In order to conduct a proper evaluation by testing, a target group for testing should be care-fully chosen. Gerard [13] suggests that novice users and expert users finds similar problems, however, novice users tends to find more problems than expert users. Therefore, it could be beneficial to perform user tests using subjects both with and without experience of the existing system in order to reveal as much problems as possible with the new interface.

3.8

Prototyping

Nielsen [30] states that it is desirable to perform usability evaluation on prototypes which can be developed much faster, and at a lower cost, than a final system. A prototype can therefore change a lot during development in consideration to user feedback. Nielsen also describes two types of prototyping, vertical and horizontal prototyping. Vertical prototyping reduces the number of features compared to the full system, meaning that the system will have few but functional functions. Horizontal prototyping means having a lot of features but the functionality of the features will be poor. There are also additional ways of speeding up prototyping, such as: not emphasizing efficiency, accepting poorer code quality, using simplified algorithms and models.

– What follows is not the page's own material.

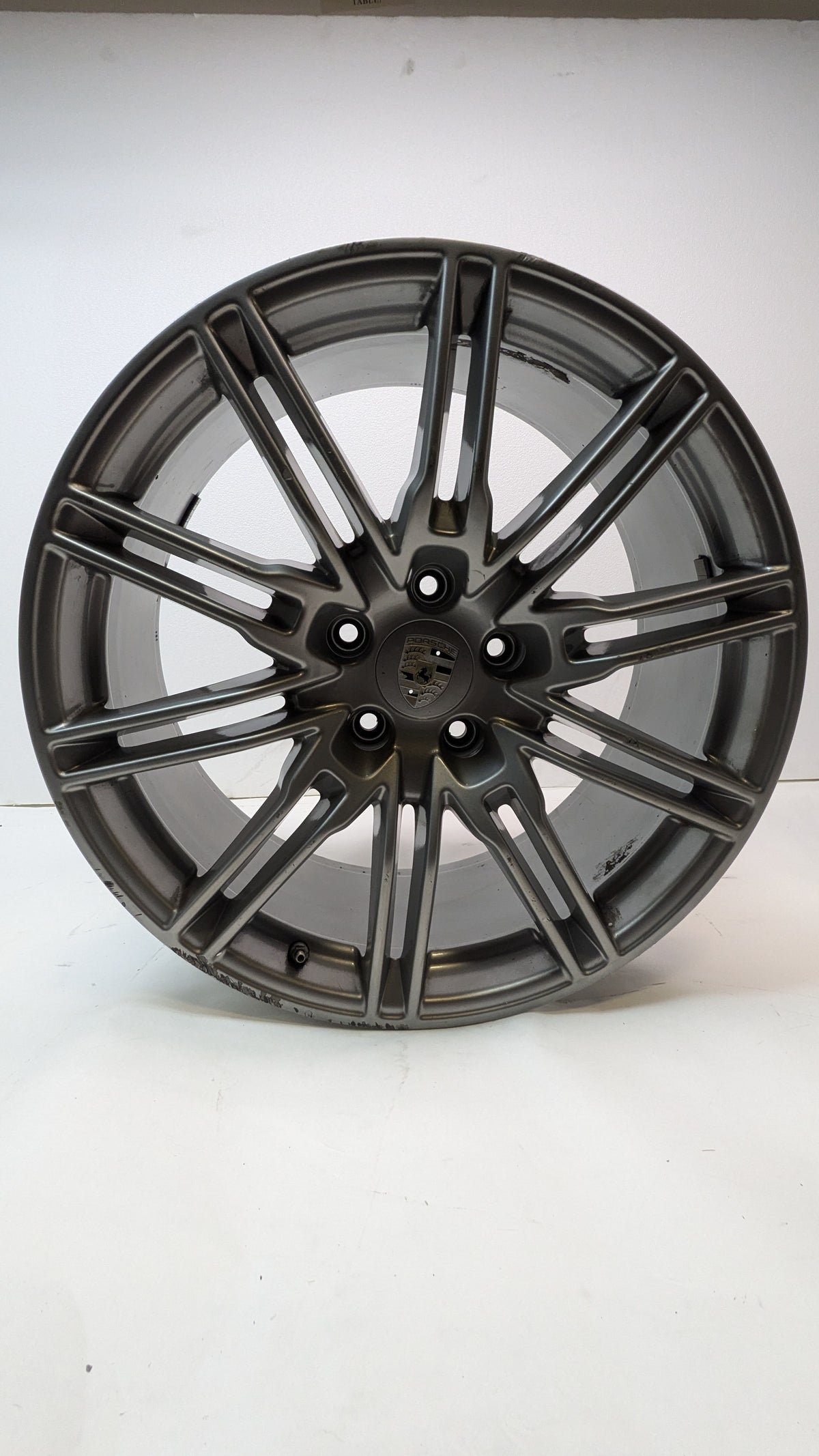 4 USED GENUINE PORSCHE CAYENNE 21X10 ET 60 5LUG SILVER WHEELS 7P5.601.025.H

The prototyping design process is inspired by the paper by Buchenau et al. [6], describing "Experience Prototyping". They state that a prototype is useful for identifying issues and design opportunities, additionally, prototypes are created to achieve a representation of a possible complete experience. They propose two interesting questions for prototypes which will be considered when creating the prototype for this thesis. The questions are very relevant to a prototype supposed to replace or complement some existing experience.

• What is the essence of the existing user experience?

• What are essential factors that our design should preserve?

The second part raises an important question, which parts of the existing system should be-have the same (in a positive way) and what can be improved with this new technology? It could be very important for a user of the existing system to feel familiarity in the new proto-type, but observed and interacted with in a new and possibly improved way.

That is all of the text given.